(Beginning of Source information)

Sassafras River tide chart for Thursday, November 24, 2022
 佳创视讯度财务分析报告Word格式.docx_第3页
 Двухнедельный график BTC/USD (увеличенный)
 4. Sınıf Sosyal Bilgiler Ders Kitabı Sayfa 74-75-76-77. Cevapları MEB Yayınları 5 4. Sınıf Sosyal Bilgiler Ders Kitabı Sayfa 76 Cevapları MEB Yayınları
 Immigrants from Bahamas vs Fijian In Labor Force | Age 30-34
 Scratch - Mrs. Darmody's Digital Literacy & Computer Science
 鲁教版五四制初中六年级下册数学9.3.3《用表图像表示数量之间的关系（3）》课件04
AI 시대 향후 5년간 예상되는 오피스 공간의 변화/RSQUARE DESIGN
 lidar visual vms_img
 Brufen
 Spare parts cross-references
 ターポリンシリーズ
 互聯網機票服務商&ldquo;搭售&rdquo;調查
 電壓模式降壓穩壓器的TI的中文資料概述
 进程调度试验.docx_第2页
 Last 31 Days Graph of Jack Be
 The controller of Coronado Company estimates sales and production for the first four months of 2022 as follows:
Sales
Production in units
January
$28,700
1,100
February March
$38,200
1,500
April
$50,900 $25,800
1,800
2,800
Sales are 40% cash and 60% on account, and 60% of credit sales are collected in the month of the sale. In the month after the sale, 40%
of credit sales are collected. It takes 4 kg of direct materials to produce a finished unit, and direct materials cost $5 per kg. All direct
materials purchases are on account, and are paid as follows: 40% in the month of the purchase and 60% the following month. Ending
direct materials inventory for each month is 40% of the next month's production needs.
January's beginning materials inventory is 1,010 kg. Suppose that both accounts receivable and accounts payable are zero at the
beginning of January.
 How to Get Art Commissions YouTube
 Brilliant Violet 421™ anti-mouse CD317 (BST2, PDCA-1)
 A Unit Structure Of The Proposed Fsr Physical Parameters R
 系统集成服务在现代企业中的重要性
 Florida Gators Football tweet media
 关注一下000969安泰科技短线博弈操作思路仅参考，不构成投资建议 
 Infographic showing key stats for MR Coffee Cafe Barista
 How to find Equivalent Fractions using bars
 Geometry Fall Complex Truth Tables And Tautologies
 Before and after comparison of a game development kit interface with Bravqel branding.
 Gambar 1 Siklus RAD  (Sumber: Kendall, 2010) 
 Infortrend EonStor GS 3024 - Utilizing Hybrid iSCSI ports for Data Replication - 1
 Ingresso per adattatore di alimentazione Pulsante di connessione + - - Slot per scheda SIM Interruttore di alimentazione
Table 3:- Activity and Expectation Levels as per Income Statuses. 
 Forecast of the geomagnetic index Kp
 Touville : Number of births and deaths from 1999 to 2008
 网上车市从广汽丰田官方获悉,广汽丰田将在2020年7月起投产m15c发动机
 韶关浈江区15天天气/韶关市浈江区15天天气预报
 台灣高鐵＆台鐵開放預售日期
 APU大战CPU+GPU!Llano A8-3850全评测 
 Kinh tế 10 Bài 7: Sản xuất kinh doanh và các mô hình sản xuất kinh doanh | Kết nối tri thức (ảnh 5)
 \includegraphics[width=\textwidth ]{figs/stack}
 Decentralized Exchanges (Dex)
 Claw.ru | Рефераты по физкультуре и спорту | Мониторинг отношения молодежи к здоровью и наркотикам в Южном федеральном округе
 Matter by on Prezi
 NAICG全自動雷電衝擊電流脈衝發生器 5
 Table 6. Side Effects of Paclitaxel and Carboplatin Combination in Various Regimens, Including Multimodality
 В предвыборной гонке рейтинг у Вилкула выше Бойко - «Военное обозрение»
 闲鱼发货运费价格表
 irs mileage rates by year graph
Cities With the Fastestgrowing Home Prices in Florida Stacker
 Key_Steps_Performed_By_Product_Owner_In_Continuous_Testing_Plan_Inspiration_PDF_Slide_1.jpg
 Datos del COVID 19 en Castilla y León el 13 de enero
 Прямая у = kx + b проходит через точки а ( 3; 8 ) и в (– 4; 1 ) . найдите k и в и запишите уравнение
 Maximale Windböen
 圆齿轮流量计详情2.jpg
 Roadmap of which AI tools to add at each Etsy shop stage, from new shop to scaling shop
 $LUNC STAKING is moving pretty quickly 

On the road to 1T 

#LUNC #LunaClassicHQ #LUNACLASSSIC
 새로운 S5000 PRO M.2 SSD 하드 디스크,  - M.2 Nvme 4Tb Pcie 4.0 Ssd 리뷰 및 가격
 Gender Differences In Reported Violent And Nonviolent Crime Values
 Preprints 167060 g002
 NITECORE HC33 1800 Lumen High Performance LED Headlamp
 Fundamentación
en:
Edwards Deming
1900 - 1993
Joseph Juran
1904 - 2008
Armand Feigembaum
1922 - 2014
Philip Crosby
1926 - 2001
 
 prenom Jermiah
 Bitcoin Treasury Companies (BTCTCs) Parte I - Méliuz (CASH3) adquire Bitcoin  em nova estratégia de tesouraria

(End of Source information)

- [Exercise]: Go through the entries above and report each line with the string "follows" in it.

- [Answer to this problem]:
 The controller of Coronado Company estimates sales and production for the first four months of 2022 as follows:
materials purchases are on account, and are paid as follows: 40% in the month of the purchase and 60% the following month. Ending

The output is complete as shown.